日大三、小藤の2発、坂倉の満塁弾で決勝へ

今大会初先発の畠山健太郎(関東一)

 関東一の米澤貴光監督は高校在学中、当時関東一の監督であった小倉全由監督の指導を受けた。したがって、日大三と関東一の試合は、師弟対決ということになる。米澤監督は、「意識はあります。個人的にはこうした舞台で戦えて嬉しい気持ちと同時に、負けたくないという気持ちがあります」と語る。一方、師匠である日大三の小倉監督は、教え子が率いる関東一について、「形を持っています。走れる選手もいるし、嫌な野球をする」と、評価する。ただし試合の方は、関東一投手陣の乱調と日大三の猛打により、日大三が圧勝した。
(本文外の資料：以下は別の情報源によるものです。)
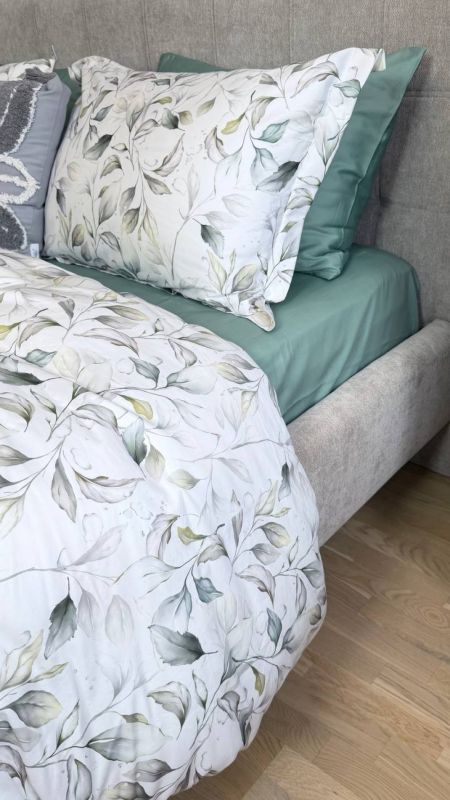 Сатин PREMIUM, HERBALY (Полуторний)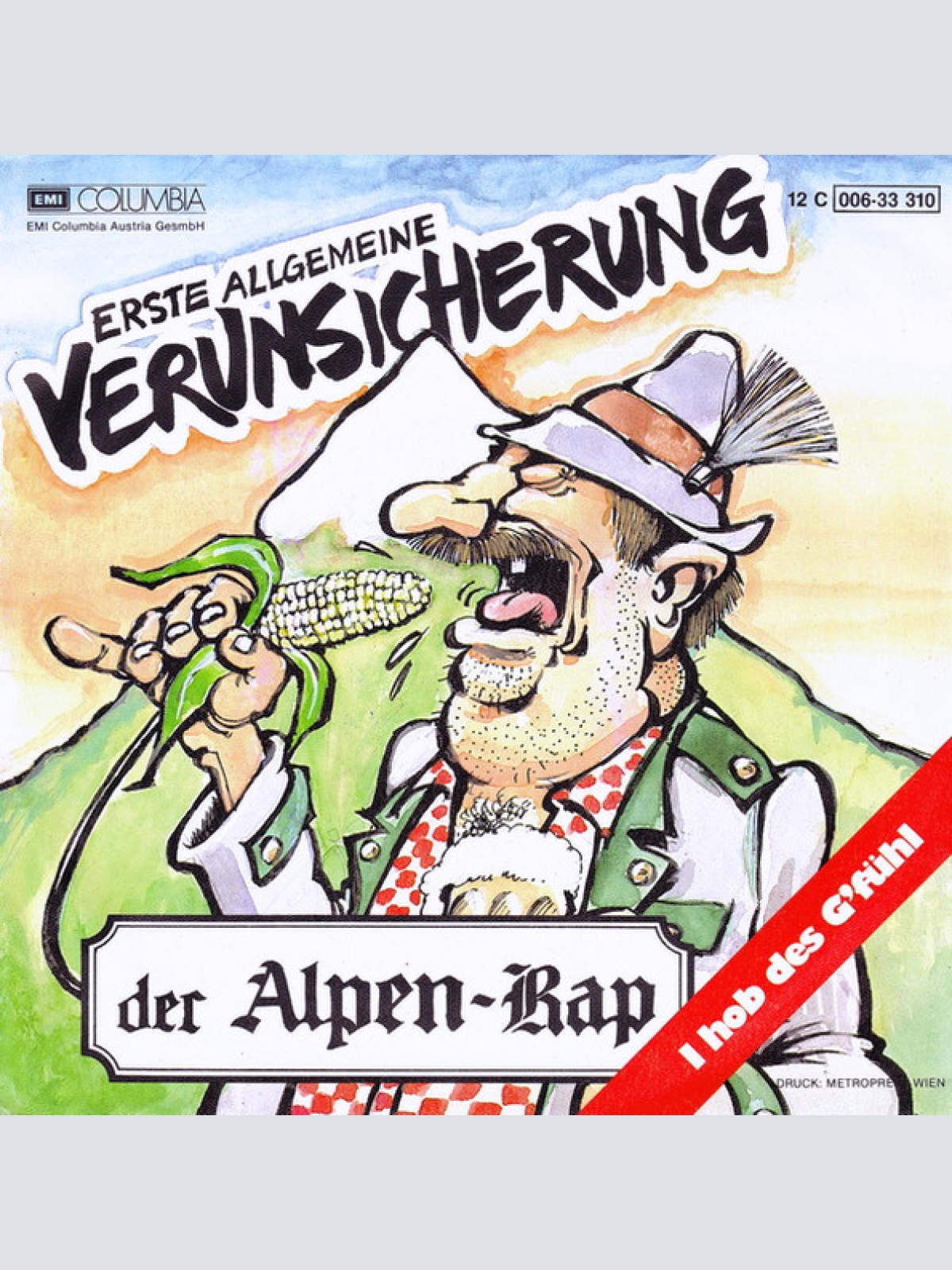 Vinyl / Erste Allgemeine Verunsicherung* - Der Alpen-Rap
 関東一の先発は、今大会初先発である背番号11の畠山健太郎。「初先発で不安はありましたが、ゲームは作ってくれました」と、関東一の米澤監督は語る。

 1回裏日大三は1番下小牧淳也の左前安打、2番田中達朗の死球、3番田村 孝之介の犠打で、一死二、三塁。ここで4番坂倉将吾の犠飛により、日大三はあっさり先制する。2回裏には、2つの四球で無死一、二塁のチャンスをつかむが、バントの失敗で二塁走者が飛び出し、日大三も攻めきれない。

 日大三の先発は、3回戦を除き先発登板している小谷野 楽夕。スライダーやパームボールのような握りの落ちる球が効果的に決まり、立ち上がり好調に抑えていた。しかし4回表、オコエ 瑠偉のボテボテの遊ゴロが内野安打になり、オコエはすかさず盗塁。2番桑名 京祐のバントも内野安打になり、無死一、三塁。ここで3番主将の伊藤 雅人の二ゴロが併殺打になる間にオコエが還って同点。
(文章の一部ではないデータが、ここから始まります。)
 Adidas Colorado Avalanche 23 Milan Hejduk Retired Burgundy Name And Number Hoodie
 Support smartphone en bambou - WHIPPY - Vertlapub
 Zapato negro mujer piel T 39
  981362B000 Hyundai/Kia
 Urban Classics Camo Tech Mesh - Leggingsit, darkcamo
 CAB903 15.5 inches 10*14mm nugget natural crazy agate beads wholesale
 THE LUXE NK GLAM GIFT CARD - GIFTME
 その裏日大三は、5番小藤 翼が今大会4本目となる本塁打を放ち、勝ち越したものの、米澤監督が言うように、初先発の畠山は、ゲームは作った。

 ところが試合は、5、6回の攻防で、流れが決まる。5回裏日大三は、四死球2と板倉の内野安打で一死満塁のチャンス。そこでこの回からマウンドに上がった関東一の左腕・小松原健吾は、一塁に牽制しようとしながらも牽制せず、ボークを取られて1点を失う。

満塁本塁打を放った坂倉将吾(日大三)

 6回表関東一はオコエが中前安打で出塁するも、日大三の強肩捕手・小藤はオコエの二盗を刺す。「あの子が出て走られると苦しい」と、日大三の小倉監督が語るオコエを刺したことは、流れとしては大きかった。

 しかしながら、この回の小谷野はピリッとしない。桑名の内野安打の後、3つの四球で押し出しになり、3−2。それでも、続く二死満塁のピンチで、7番鈴木 大智を右飛に仕留めたことで、日大三は流れを渡さない。
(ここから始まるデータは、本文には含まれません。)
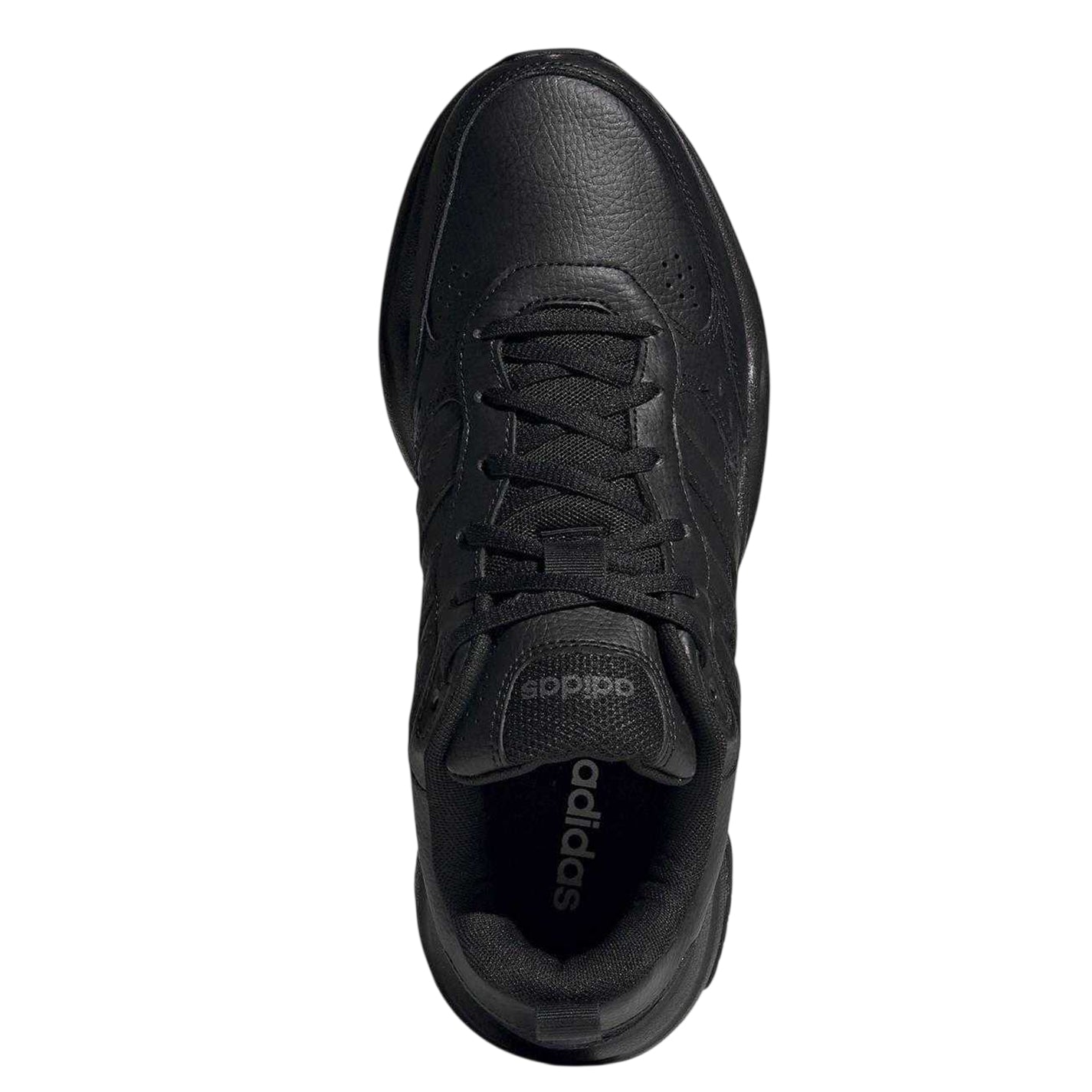 Core Black-Grey - Lifestyle - Adidas Mens Strutter Coated Leather Shoes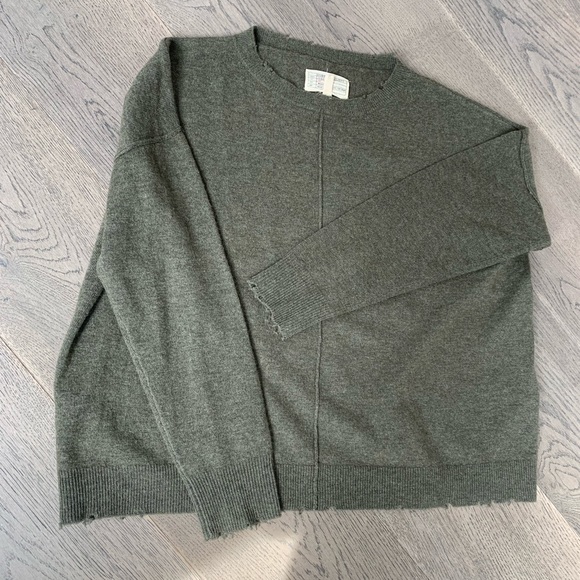 NWOT Current Elliot cashmere blend distressed sweater - Picture 4 of 9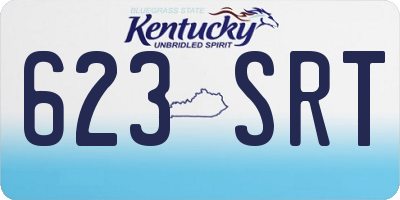 KY license plate 623SRT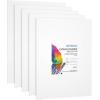 imageGOTIDEAL Canvases for Painting 6x8 inch of 24 Professional Primed White Blank Flat Canvas Panels 100 Cotton Artist Canvas Boards for Acrylics Painting Oil Watercolor Tempera16x20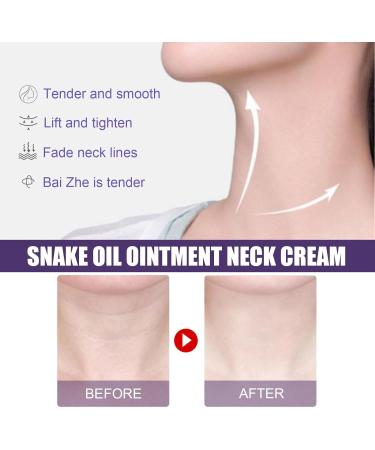 Neck Firming Cream for Tightening & Wrinkles | Anti-Aging & Lifting Formula | Nourishing & Firming Neck & Chest Cream for Double Chin | Sagging Neck Treatment - Easy to Use - Buy Online on GoSupps.com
 その裏日大三は、あっさり二死になりながらも、2四球と失策による満塁のチャンスで4番坂倉が右越えの満塁本塁打を放ち、勝負を決定づける。さらにダメを押すように、5番小藤は2者連続で、この試合2本目、今大会5本目となる本塁打を放った。「今まで当てに行っていましたが、振るようになった」と小倉監督は、小藤の成長を評価する。

 7回からは、日大三はエースの田村を投入。走者を出しながらも関東一を無得点に抑え、8−2で日大三が勝利した。

 中盤以降は日大三の圧倒的な打力が際立った試合であったが、関東一も日大三の2人の投手から7安打、6四死球と、塁上を賑わせてはいたが、得点はわずか2で、残塁は8だった。「残塁が多かったです。チャンスに打てるようにしていきたい」と、主将の伊藤は語る。関東一は、オコエ、伊藤など、俊足巧打の選手が揃い、攻撃力はある。後は、勝負強さとともに投手力ということになる。

 投手陣に関しては、「1年生も含めて競争です」と米澤監督は語る。潜在力のあるチームだけに、それをいかに発揮できるかが、課題となる。

 秋季都大会は1回戦でコールド負けした日大三は、決勝進出とともに関東大会出場を決めた。小倉監督としては、打線の成長に手応えを感じているだけに、決勝戦に関しても、「どれくらい打てるかです」と語った。